女子400メートル(切断などT47)で辻沙絵(22=日体大)が1分0秒67でリオデジャネイロ・パラリンピックに続く銅メダルを獲得した。

 他の選手が視界に入らない外側の8レーン。辻はスタートから果敢に飛ばした。「前半は挑戦してスピードを上げていった方がいい、監督からも前半から戦いに行けと言われていたので、それを実行できた」。最後のホームストレートでリオ大会の金、銀メダリストが抜け出した後は、「メダル、メダル」と頭の中で繰り返していたという。「苦しくて、苦しくて、苦しいけど、ここで倒れてもいいからメダルと取りたかった」。ゴール後は日の丸をまとって笑顔を見せた。

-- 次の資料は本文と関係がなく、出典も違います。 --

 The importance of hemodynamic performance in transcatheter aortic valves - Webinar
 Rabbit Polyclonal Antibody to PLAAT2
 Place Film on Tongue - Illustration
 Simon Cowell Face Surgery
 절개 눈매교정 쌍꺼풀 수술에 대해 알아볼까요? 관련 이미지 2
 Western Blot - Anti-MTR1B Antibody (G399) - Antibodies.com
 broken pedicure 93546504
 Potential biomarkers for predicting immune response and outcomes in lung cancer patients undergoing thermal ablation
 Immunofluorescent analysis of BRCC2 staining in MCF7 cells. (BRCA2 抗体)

 リオから帰国後はメディアの取材が殺到し、思うように練習できなくなった。その影響か今季の調子はいまひとつ。この日のタイムも自身が昨年3月にマークした日本記録59秒72に1秒近くも及ばなかった。「タイムとしては全然間に合わせられていない。自己ベストを狙って走っていたけど、まだまだ後半の伸びが足りないということは分かっていた。その中で最後まで粘ってメダルが取れたことはよかった」。

 表彰台の3人はリオと同じ顔ぶれで、この1年間で上の2人との差も縮まっていない。「やっぱり東京ではいい色のメダルは取りたいし、君が代を流したいと思っています。その過程はまたすごく苦しいと思いますが、苦しみながら最後もがいていきたいと思います」。3年後の悲願の金メダルへ、辻は決意を新たにしていた。